To help drive home the importance of focus indication, as well as the importance of skip links and content tab order, we instruct participants to navigate web pages using only their keyboard. Experience has shown that keyboard functionality is often ignored. While this is often unintentional, it’s ignored because people don’t fully understand the consequences of this action or the difficulties experienced by some users when it’s not properly incorporated.

Accessibility auditing tools are also an important part of these workshops. A core function of the accessibility team is to enable our product teams to test their own work in order to get a sense of their progress towards accessible product development. We teach them how to manually check a page because automated auditing tools will only detect 25 to 30 per cent of potential accessibility issues. We need our teams to understand the issue and know how to approach the problems on their own before they engage our team. Although we’re small and mighty, we won’t always have the capacity and bandwidth to help resolve the issue.

We spend time tackling technical issues that need to be considered, such as semantic html, landmarks, headings, colour contrast, captions or text alternatives for videos and images, in page navigation, descriptive links, and much more. These elements comprise the pieces of the paper house. They are the basic building blocks that are necessary for creating accessible experiences.

Side by side of paper cutout exercise and how it relates to semantics. Each cutout is labelled which it’s function/purpose (ie. door) in correlation to HTML5 elements (ie. nav). (Patrick Dunphy/ CBC)

If the pieces of the house weren’t obvious before, they are now (as shown in this picture).

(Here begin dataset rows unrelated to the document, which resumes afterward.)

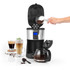 Salter coffee maker in black and silver, lid open, adding beans, glass mug of layered coffee beside.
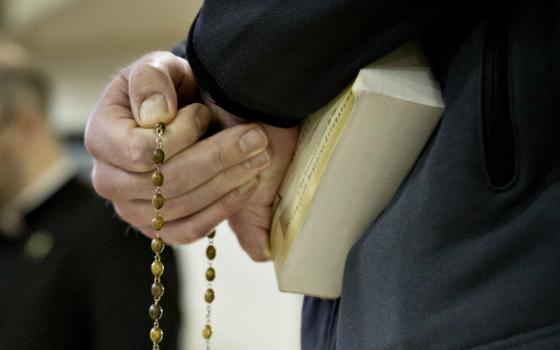 A seminarian from St. John's Seminary in Brighton, Massachusetts, holds a rosary before a discussion with a youth group in 2016. (CNS/Chaz Muth)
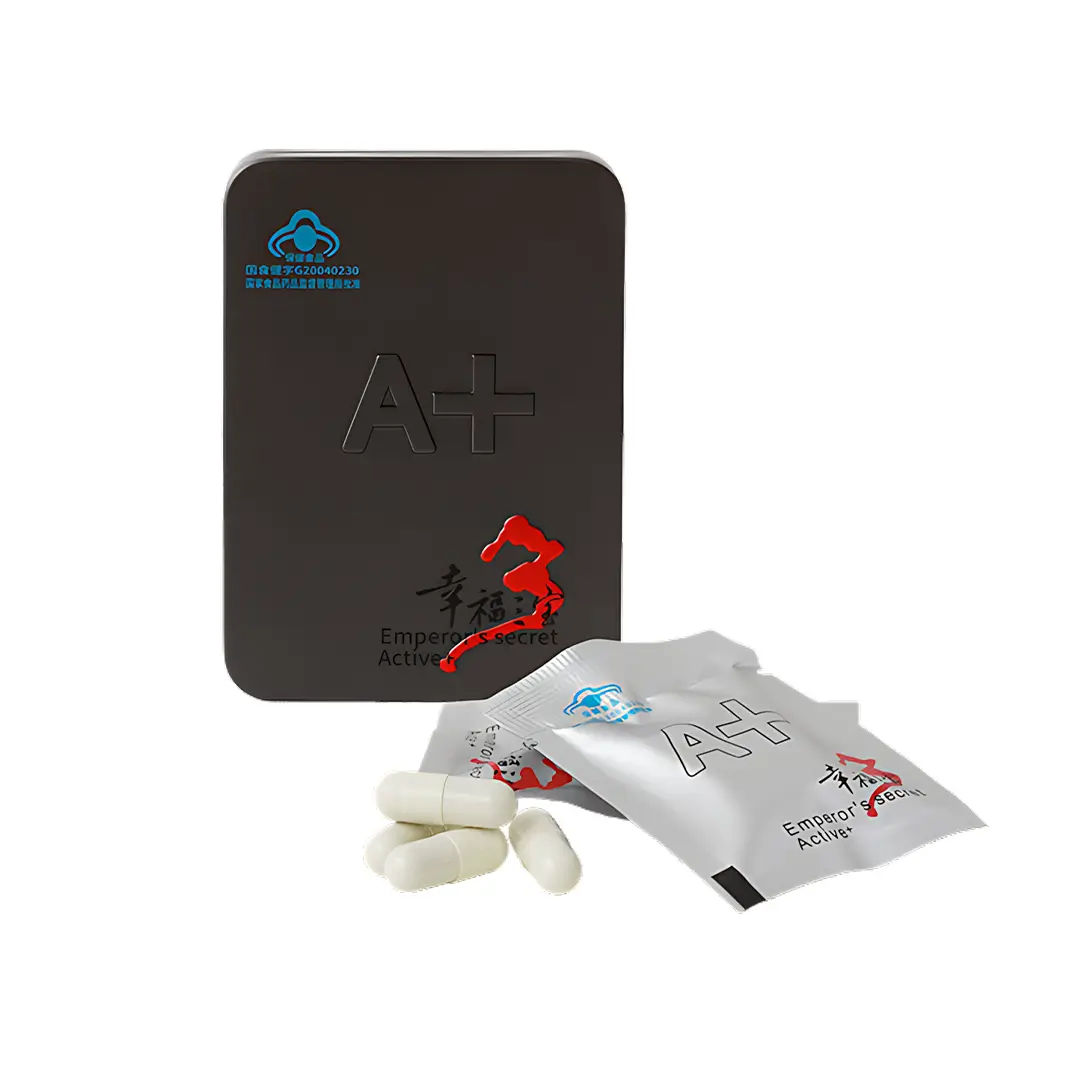 Секрет Императора Актив+ - белые капсулы рядом с пакетиком и черной металлической коробкой
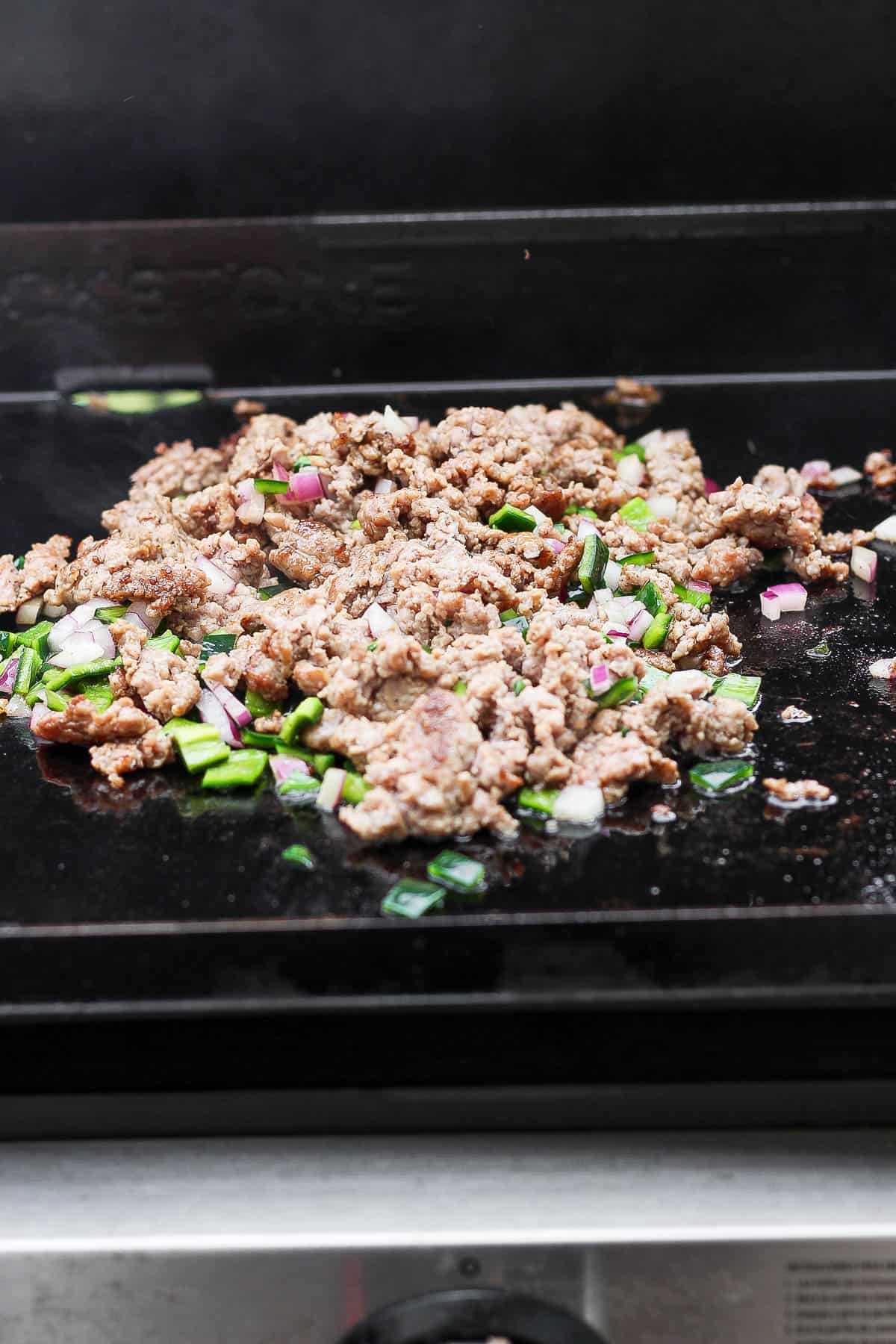 Breakfast sausage, onion, and pepper cooking on the griddle.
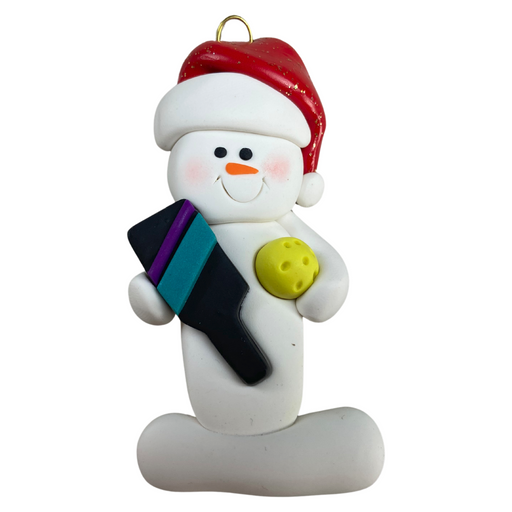 Ornament of white snowman in red hat holding a pickleball paddle and yellow pickleball.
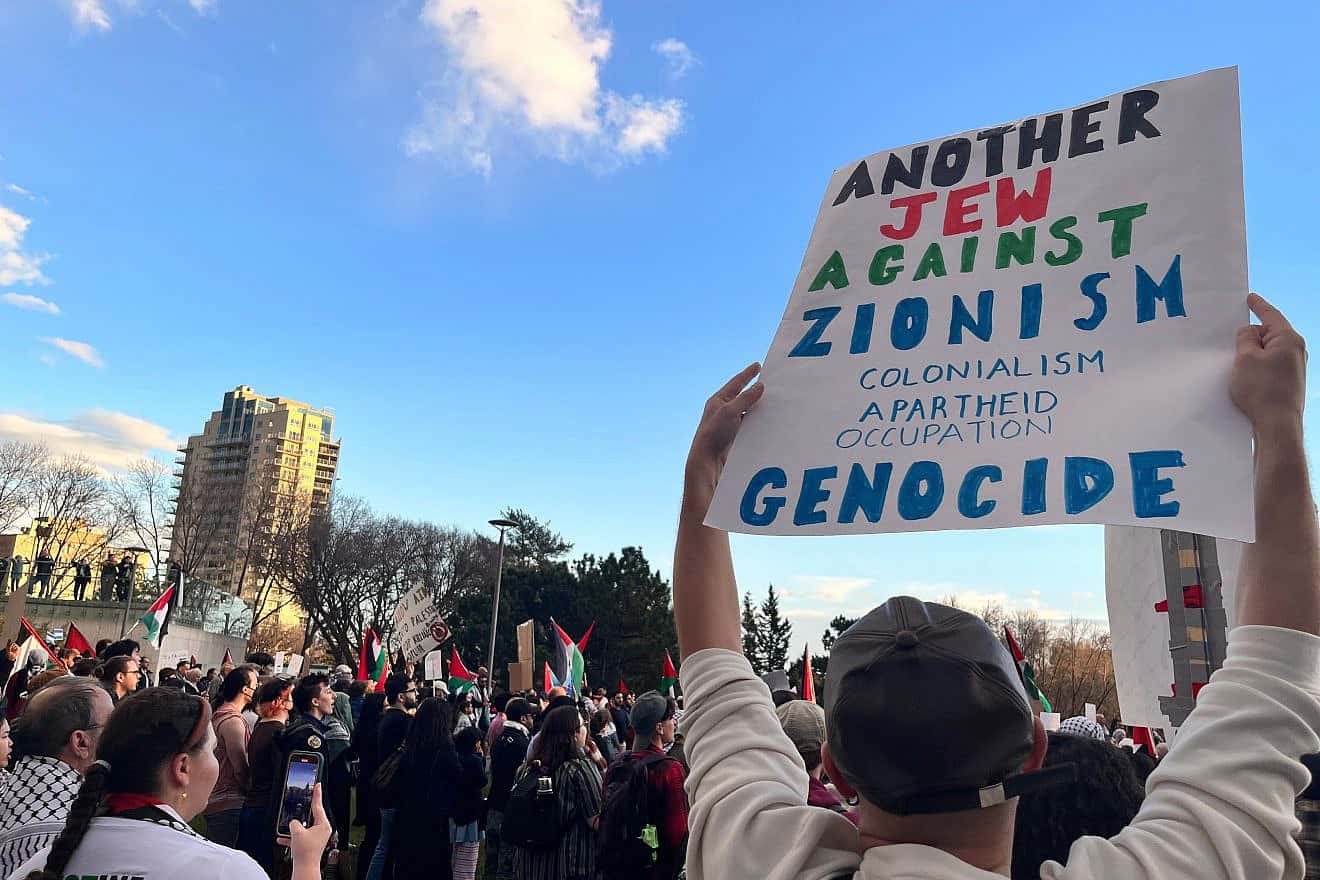 A person holds a sign reading “Another Jew Against Zionism, Colonialism, Apartheid, Occupation, Genocide” at a protest at the Alberta Legislature in Edmonton, Canada, on Oct. 18, 2023. Credit: Jenari/Shutterstock.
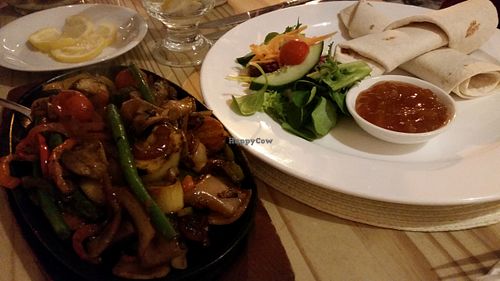 Mixed Vegetable Tikka Sizzler with tortilla wrap, mango chutney and salad at Playwrights in Coventry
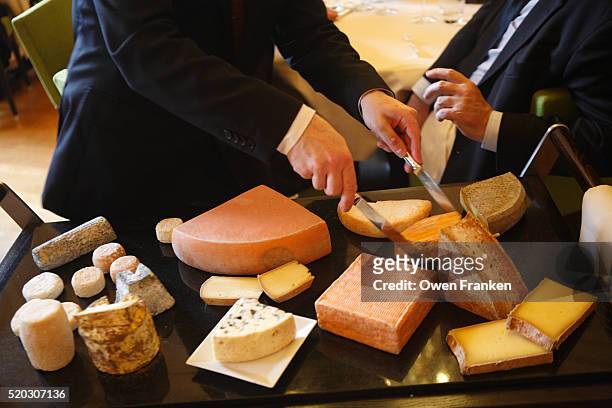 selection of cheeses at the paul bocuse institute - bocuse stock pictures, royalty-free photos & images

The house has been assembled and labelled with care, with all elements in place — just as you would find with the landmark elements within an html page.

An early attempt to make things accessible will reduce the effort required later. Waiting until the end of a project can mean more work and ultimately a less accessible product. Ensuring our teams have the knowledge and tools where accessibility and empathy are top of mind, is the key to building accessible websites.